START Records for processing

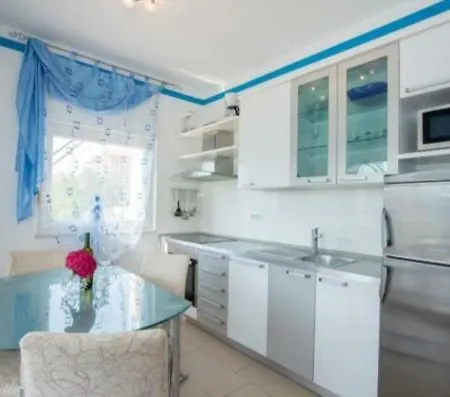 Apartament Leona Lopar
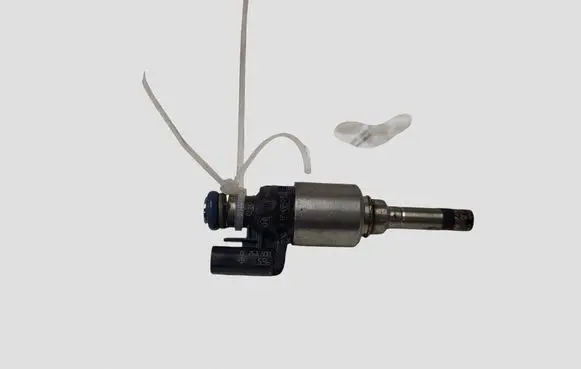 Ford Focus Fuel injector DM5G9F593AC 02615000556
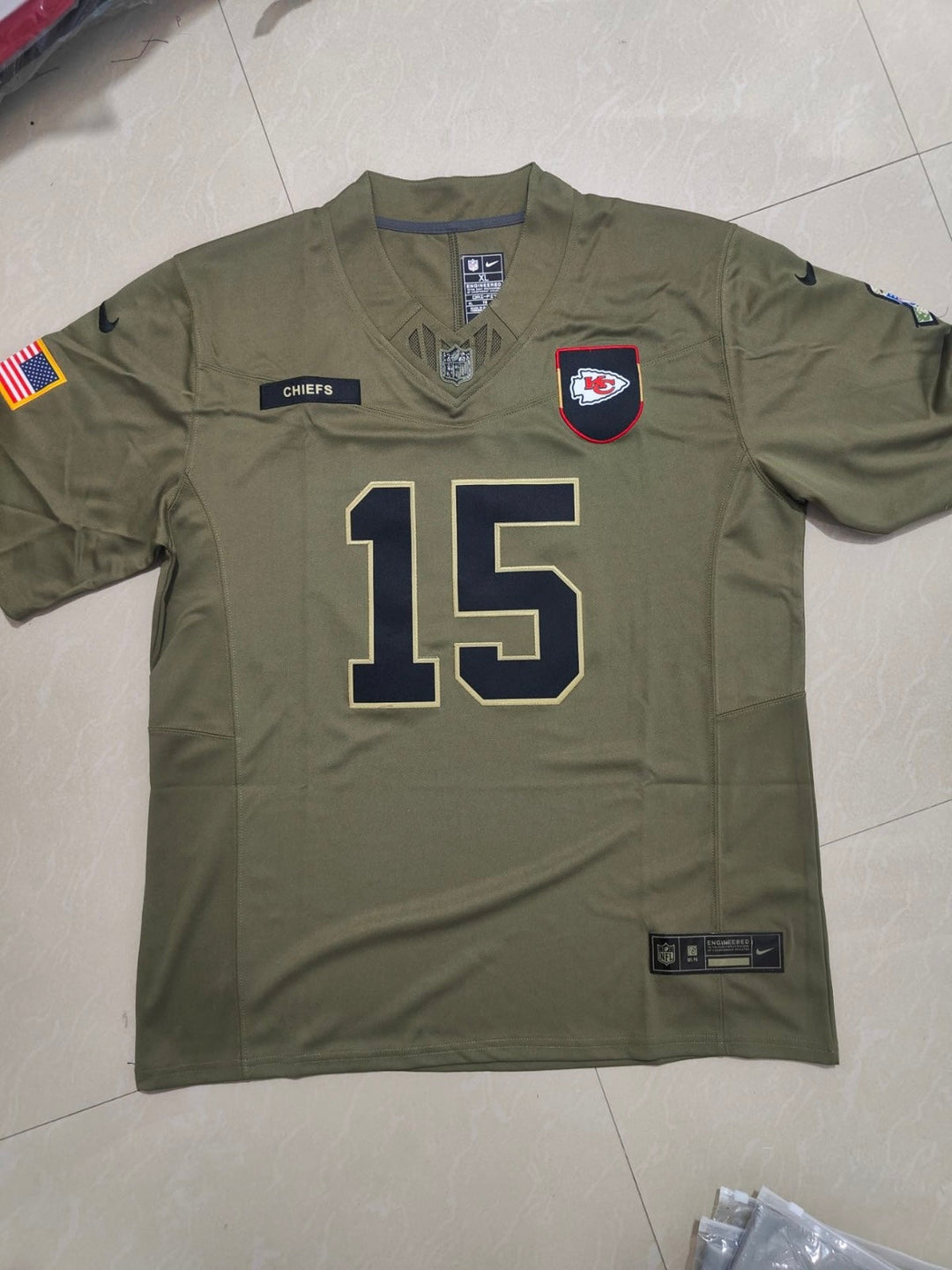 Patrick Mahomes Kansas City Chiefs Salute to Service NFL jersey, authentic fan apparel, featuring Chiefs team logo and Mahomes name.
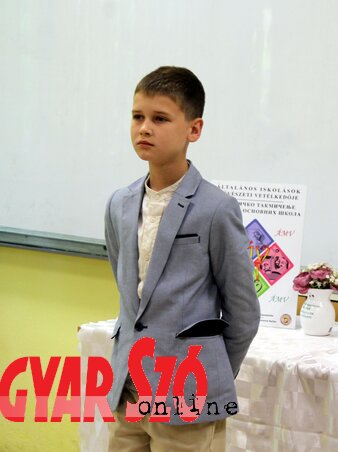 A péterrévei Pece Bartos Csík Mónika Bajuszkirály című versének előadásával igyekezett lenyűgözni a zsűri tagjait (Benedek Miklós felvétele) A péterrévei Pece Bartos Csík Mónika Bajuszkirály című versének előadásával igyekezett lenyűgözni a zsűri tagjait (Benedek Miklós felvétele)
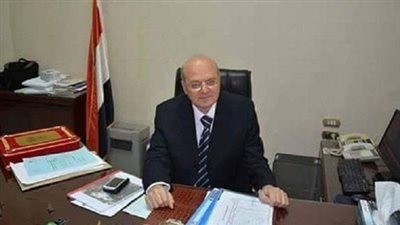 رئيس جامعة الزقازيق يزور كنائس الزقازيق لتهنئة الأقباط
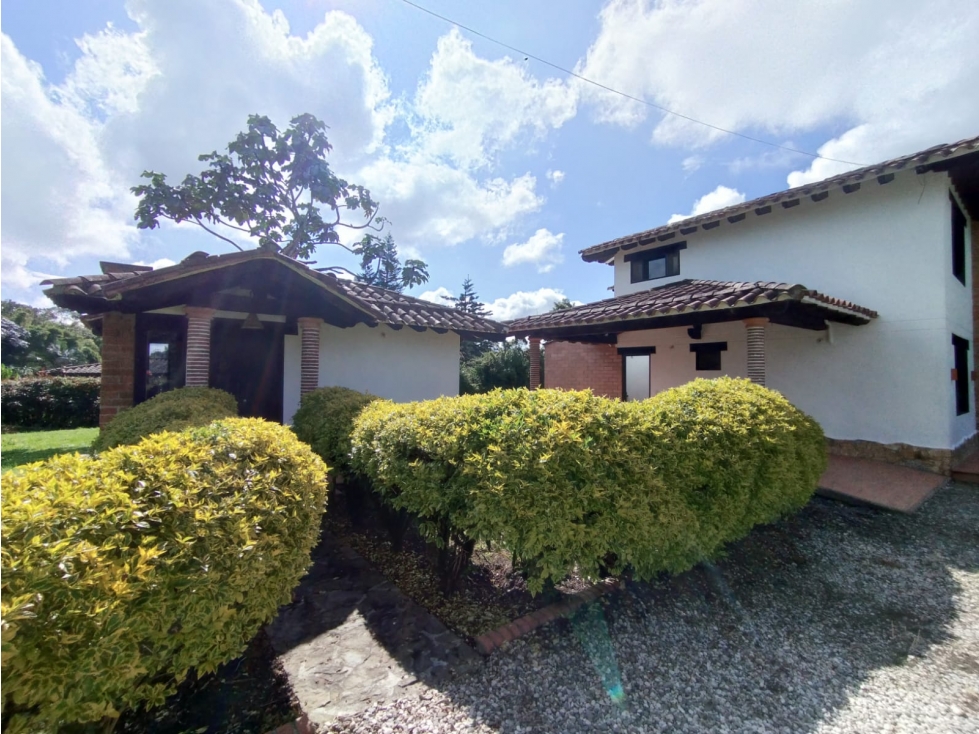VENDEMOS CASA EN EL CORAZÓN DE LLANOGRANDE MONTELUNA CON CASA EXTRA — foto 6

END Records for processing

Transcribe exactly the lines from the one with "Patrick Mahomes Kansas" to the last line of the records, both included, so that no picture appears in the copy.

 Patrick Mahomes Kansas City Chiefs Salute to Service NFL jersey, authentic fan apparel, featuring Chiefs team logo and Mahomes name.
 A péterrévei Pece Bartos Csík Mónika Bajuszkirály című versének előadásával igyekezett lenyűgözni a zsűri tagjait (Benedek Miklós felvétele) A péterrévei Pece Bartos Csík Mónika Bajuszkirály című versének előadásával igyekezett lenyűgözni a zsűri tagjait (Benedek Miklós felvétele)
 رئيس جامعة الزقازيق يزور كنائس الزقازيق لتهنئة الأقباط
VENDEMOS CASA EN EL CORAZÓN DE LLANOGRANDE MONTELUNA CON CASA EXTRA — foto 6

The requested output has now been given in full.